The suspect reveals Lorenz is Scott Curtis, the brother of John shot earlier, and Conners leads a stakeout at an address where all the gang are to meet that night; Scott's house. Forced to go before Scott arrives, a shootout results in both suspects' deaths, and a bomb blows up the building while Conners is inside. Dekker is devastated but realizes that Callo's signature requesting material from the evidence storage was forged by the evidence custody officer, who reveals that Scott is actually York. In a flashback, York stands on the bridge and fires the first shot, killing the hostage in the opening sequence. Tracking Lorenz/York's mobile phone, Dekker surprises York at a diner, and York takes a woman hostage in a reversal of the standoff on the bridge. Dekker chases and eventually kills York.

When Dekker pays for his coffee at the diner, he discovers the banknote Conners used to pay for lunch with is also scented, which means Conners was also involved in taking the money from police evidence. Dekker finds a copy of James Gleick's Chaos: Making a New Science in Conners' house, showing he had faked an earlier ignorance of the mathematics.

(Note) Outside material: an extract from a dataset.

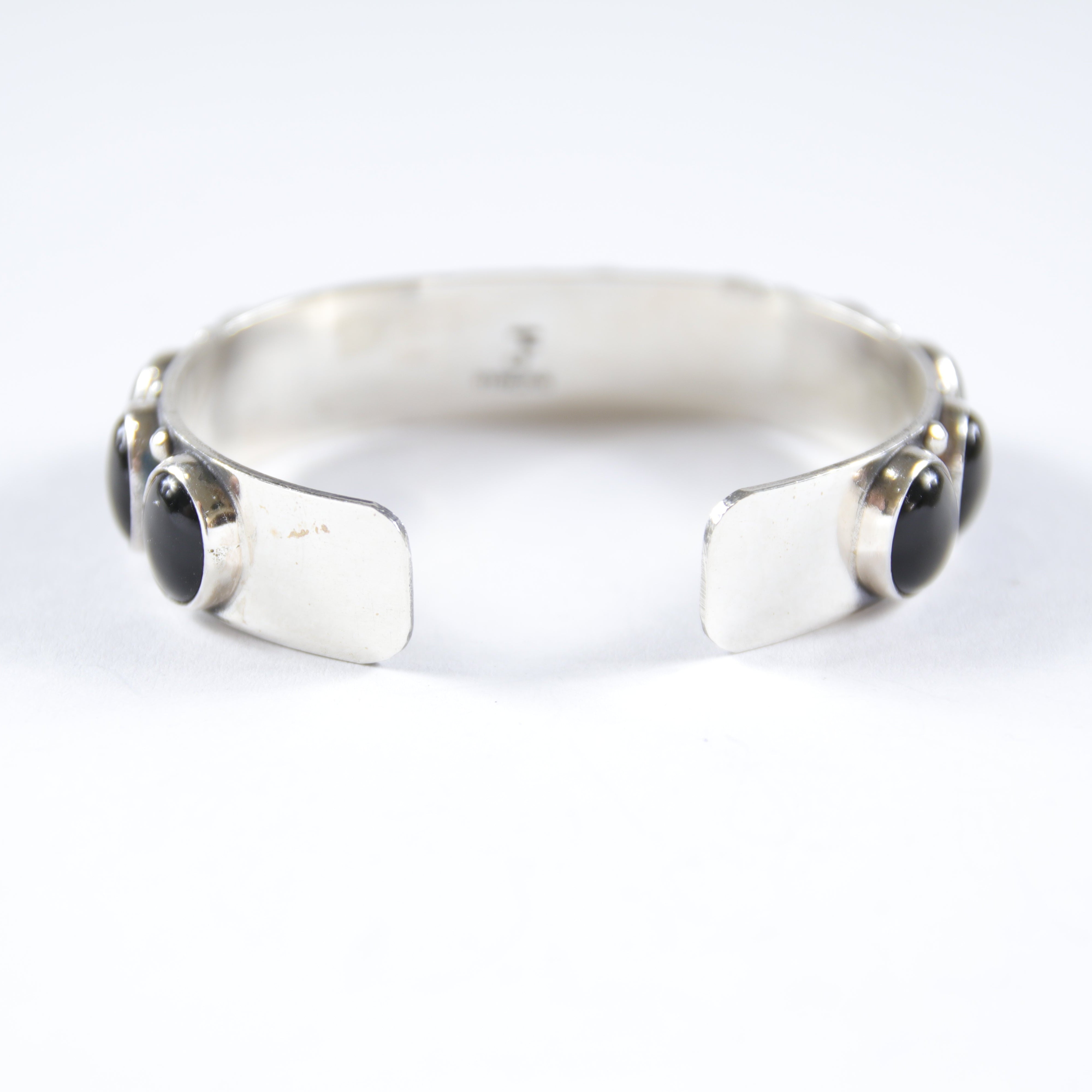 X-Small Black Onyx 1-Row Cuff Bracelet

On a hunch, Dekker looks for airline tickets booked in Gleick's name and runs to the airport.

During a mobile call between the now disguised Conners and the searching Dekker at the busy airport, flashbacks reveal how the seemingly unconnected events in the film form a pattern, just as predicted in chaos theory. Conners reveals that he placed his badge on the corpse of one of York's henchmen before the explosion. Conners and York recruited a group of ex-convicts from their past. Callo was framed for being a dirty cop. Conners ends the call, walks casually to a private jet, and takes off while sipping champagne.

Cast

Production
The film was a co-production between the United Kingdom, Canada, and the United States. Principal photography took place in Seattle, Washington and Vancouver, British Columbia, in locations including Simon Fraser University and the Burrard Street Bridge.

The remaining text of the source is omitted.